Defining Risk Categories for a Significant Decline in Estimated Glomerular Filtration Rate After Robotic Partial Nephrectomy: Implications for Patient Follow-up.

Document Type

Article

Publication Date

6-1-2021

Publication Title

Eur Urol Oncol

Keywords

washington; seattle; swedish; Follow-Up Studies; Glomerular Filtration Rate; Humans; Kidney Neoplasms; Nephrectomy; Renal Insufficiency, Chronic; Robotic Surgical Procedures; Treatment Outcome

Abstract

Following partial nephrectomy (PN), it is important to prevent any deterioration in estimated glomerular filtration rate (eGFR). At present there are no evidence-based recommendations on when a nephrology consultation should be requested and how to adjust postoperative management when the risk of renal function decline is high.

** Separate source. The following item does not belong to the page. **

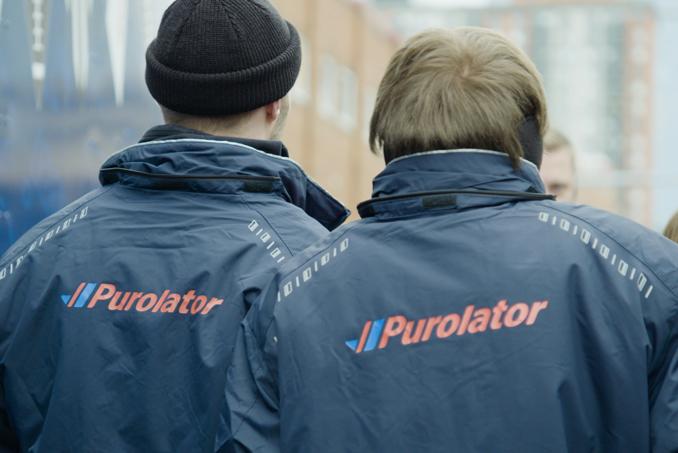 2 people wearing Purolator jackets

In an effort to address this void, we used our previously published nomogram to define risk groups for a significant decline in eGFR at 3-15 mo after PN. We used the nomogram-derived probability as the independent variable for the classification and regression tree and identified four risk groups: low (0-10%), intermediate (10-21%), high (21-65%), and very high (65-100%). Overall, 336 (34%), 386 (39%), 243 (24%), and 34 (4%) patients fell in the low, intermediate, high, and very high risk groups, respectively. The rates of significant eGFR decline across the low, intermediate, high, and very high risk groups were 4%, 14%, 29%, and 79%. With the low risk category as a reference, the hazard ratio for eGFR decline was 3.21 (95% confidence interval [CI] 1.83-5.64) for the intermediate, 7.80 (95% CI 4.52-13.48) for the high, and 27.24 (95% CI 13.8-53.8) for the very high risk group (all p<0.001). These prognostic risk categories can be used to design postoperative follow-up schedules. A multidisciplinary approach can be considered for patients at high and very high risk of eGFR decline. PATIENT SUMMARY: We propose a new stratification system to identify individuals at high risk of a decline in renal function after robotic partial nephrectomy.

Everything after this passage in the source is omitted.